OMG! I just got the BBO done and the only regret I have is not having it done sooner. I was really hesitant because I have thin hair and I didn't want my hair to fall out or have flat helmet hair. I am Asian and my hair is coarse and wavy with lots of frizz. I told my stylist my concerns and she was wonderful explaining to me that this treatment is plant based not chemical therefore not as damaging if at all and she applied the treatment an inch from my roots so I will still have "lift". I had no stinging in my eyes or harsh smells while the treatment was being done. Only 90 minutes total. Amazing. Right after she washed my hair after the treatment immediately I can see the results. She only used her finger and the blow dryer and it was soooo smooth and straight. I have never seen my hair look so good before. I almost cried. I struggle with my hair for years and spent lots of time and $ to make it look descent not even close to this good looking now. I am definitely a believer and will continue to get this done. Thank you to all in this thread because after reading it I learned a lot about this treatment and it is what got me to do it.


----------



## Brigitte031

^ I'd love to see photos if you have!


----------



## NYCBelle

Brigitte031 said:


> ^ I'd love to see photos if you have!


 

same here. 

I'm dying it this week and hopefully I'll get an appointment for next week.


----------



## mymeimei02

This is a pic of before after I had blown dried and flat iron. Notice the frizz on top 







This was it looked like right after I got the BBB done 






Here is after 1st wash. I just blew dried my hair it took only 5 minutes! Before it would be at least an hour with blow dry and flat iron. I still have a slight wave to my hair but no frizz and I can make it pin straight with little effort.


----------



## NYCBelle

Great results! thanks for sharing!




mymeimei02 said:


> This is a pic of before after I had blown dried and flat iron. Notice the frizz on top
> 
> 
> 
> 
> 
> 
> This was it looked like right after I got the BBB done
> 
> 
> 
> 
> 
> 
> Here is after 1st wash. I just blew dried my hair it took only 5 minutes! Before it would be at least an hour with blow dry and flat iron. I still have a slight wave to my hair but no frizz and I can make it pin straight with little effort.


----------



## mymeimei02

^Thank you.
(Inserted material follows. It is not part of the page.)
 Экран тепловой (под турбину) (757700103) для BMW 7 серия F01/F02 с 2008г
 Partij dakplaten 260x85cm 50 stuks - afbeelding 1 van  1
Good luck with the BB you'll love it but make sure to ask is it formaldehyde free the treatment I got was formaldehyde free and it make my hair look and feel healthier.


----------



## NYCBelle

will do thank you!  i will pass by the salon tomorrow to set the appointment for next week and i'll ask.


----------



## Swanky

If it's BB BRAND it's form-free.


----------



## BagloverBurr

Can someone tell me the difference between this and the keratin treatment please


----------



## Swanky

Swanky Mama Of Three said:


> There's already BKT threads  That's why I think it's so important to keep each one on topic because people seem to be confusing them.  They're not the same at all - not the procedure/product/downtime.
> BB is a brand for a treatment, but not for a BKT, it's a different product altogether.
> 
> *
> Yeah, they're not the same.
> BKT  = formaldeyde and 3 days no washing
> BB = no formaldehyde and can wash immediately afte*r





BagloverBurr said:


> Can someone tell me the difference between this and the keratin treatment please



there's a TON of info in this thread about the differences if you read through  I quoted the main difference.


----------



## twinkie

Hate to be the bearer of bad news, Brazilian Blowout fans....but an independent lab has found formaldehyde in BB.  It's been a rumor circulating around the industry for some time now, but it was just confirmed.  Read the results at the link below:

http://www.ohsu.edu/xd/research/centers-institutes/croet/emerging-issues-and-alerts.cfm


----------



## twinkie

Despite the claims of being "formaldehyde free", Oregon Health and Science University has found this to be untrue. This was a rumor floating around the beauty industry and it seems someone finally did some testing to prove or disprove the validity. See the full report at the link below:

http://www.ohsu.edu/xd/research/centers-institutes/croet/emerging-issues-and-alerts.cfm

*Update on Laboratory Analysis*:
As reported in our September 16 Emerging Issues and Alert post, CROET has been awaiting the analytical results for a second sample submitted by CROET through Oregon OSHA's Consultation Program. This second sample is of a product named Acai Professional Smoothing Solution (formaldehyde free) originally shipped by *Brazilian Blowout* to a Portland, Oregon area salon on 8/12/2010. Since September 16, 2010, CROET has been contacted by a number of stylists expressing concern about health effects they report having experienced while using both of the hair formulations.
*Laboratory Findings:*
The original container, which is labeled "formaldehyde free," was delivered to Oregon OSHA by CROET for sample analysis on September 1, 2010. The Oregon OSHA laboratory analyzed the sample using four different test methods. Formaldehyde was reported to be detected by each method at 10.6%, 6.3%, 10.6% and 10.4% of the product.


----------



## Tracy

I read this a few days ago and I'm not surprised. IMO no one really knows how much formaldehyde is in any brand of BKT. It's not regulated by the FDA and any of these companies can say anything they want. What's going to sell more keratin treatments?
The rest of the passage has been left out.